■ **RECORDS TO USE**
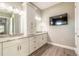 Bathroom showcasing double sinks, granite countertops, a television, and tiled floors at 2921 Linari Ct, New Smyrna Beach, FL 32168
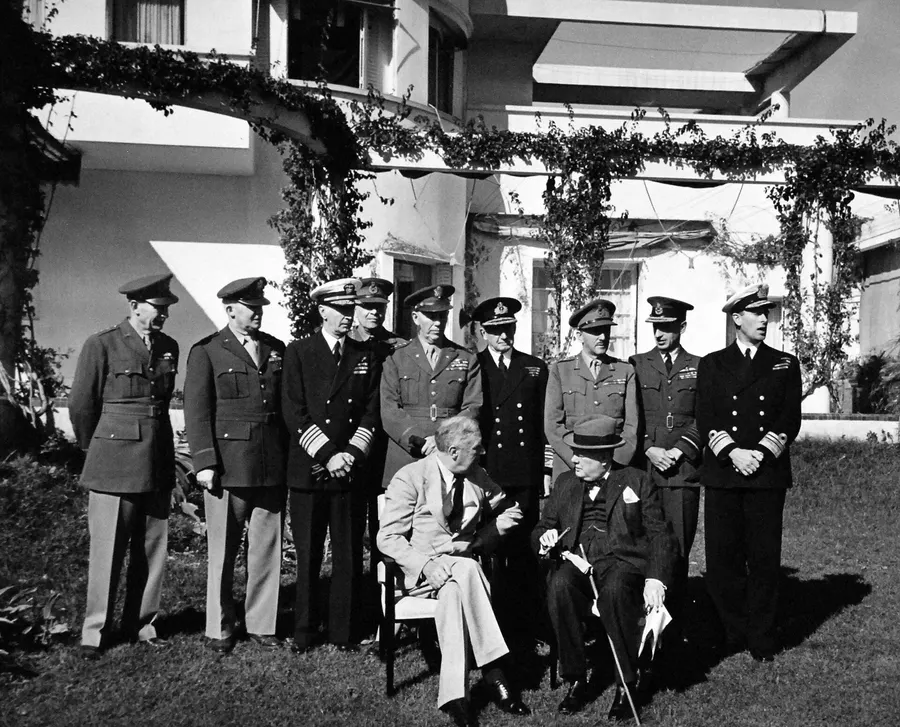 President Roosevelt and Prime Minister Churchill, seated, with their Combined Chiefs of Staff at the Casablanca Conference, January 1943.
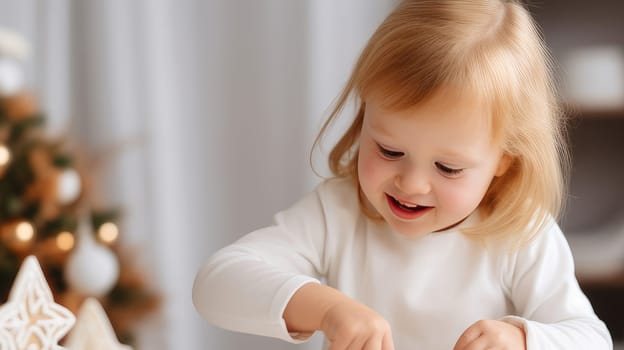 Smiling white child with down syndrome decorates Christmas cookies. Merry Christmas and Happy New Year concept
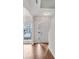 Bright foyer with hardwood floors, featuring a front door and stairway at 621 Kenridge Way # 0, Suwanee, GA 30024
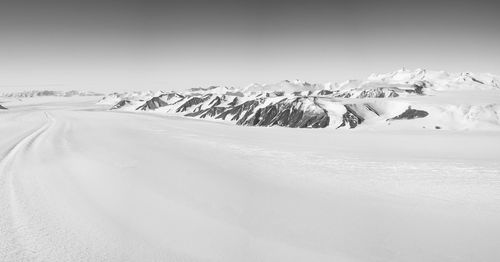 Snow covered landscape against sky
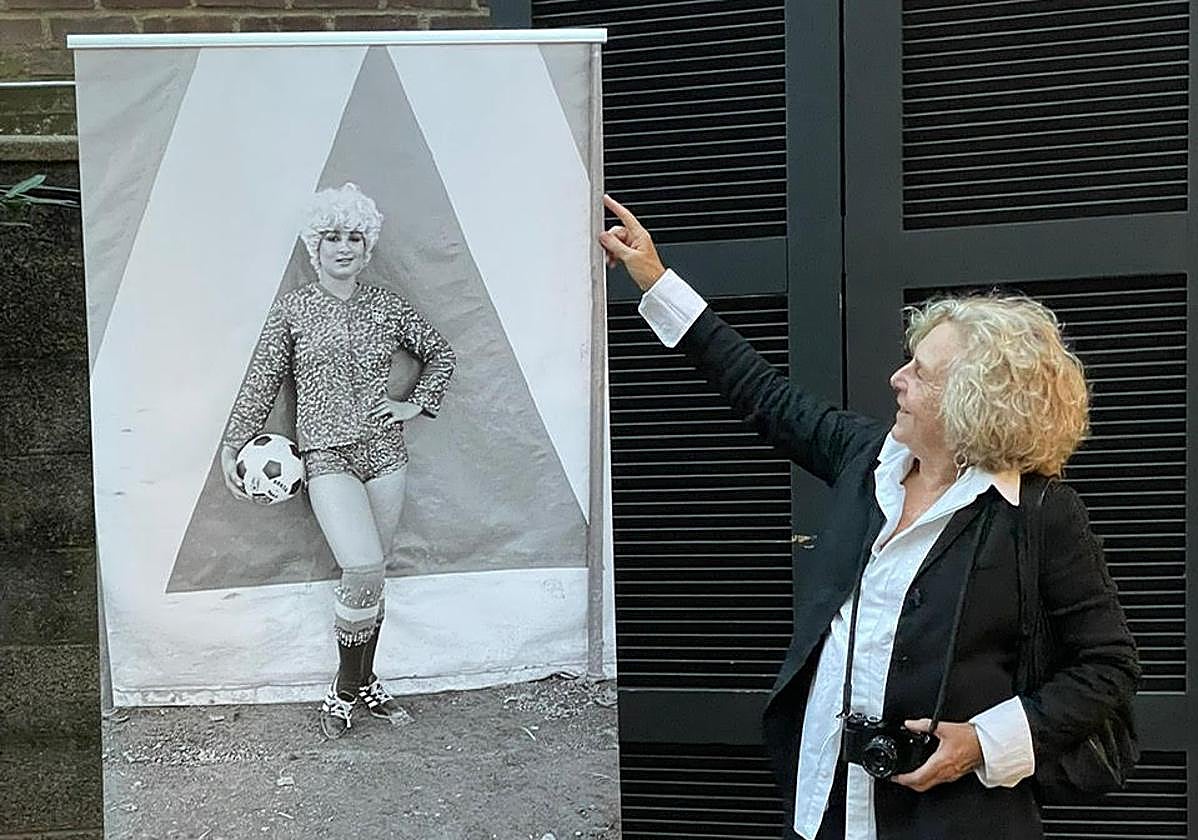 Azkarate, con su inseparable cámara, junto al cartel de la exposición.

■ **WHAT TO PRODUCE**
Write the records out again verbatim and omit the pictures they contain.

■ **TASK RESPONSE**
 Bathroom showcasing double sinks, granite countertops, a television, and tiled floors at 2921 Linari Ct, New Smyrna Beach, FL 32168
 President Roosevelt and Prime Minister Churchill, seated, with their Combined Chiefs of Staff at the Casablanca Conference, January 1943.
 Smiling white child with down syndrome decorates Christmas cookies. Merry Christmas and Happy New Year concept
 Bright foyer with hardwood floors, featuring a front door and stairway at 621 Kenridge Way # 0, Suwanee, GA 30024
 Snow covered landscape against sky
 Azkarate, con su inseparable cámara, junto al cartel de la exposición.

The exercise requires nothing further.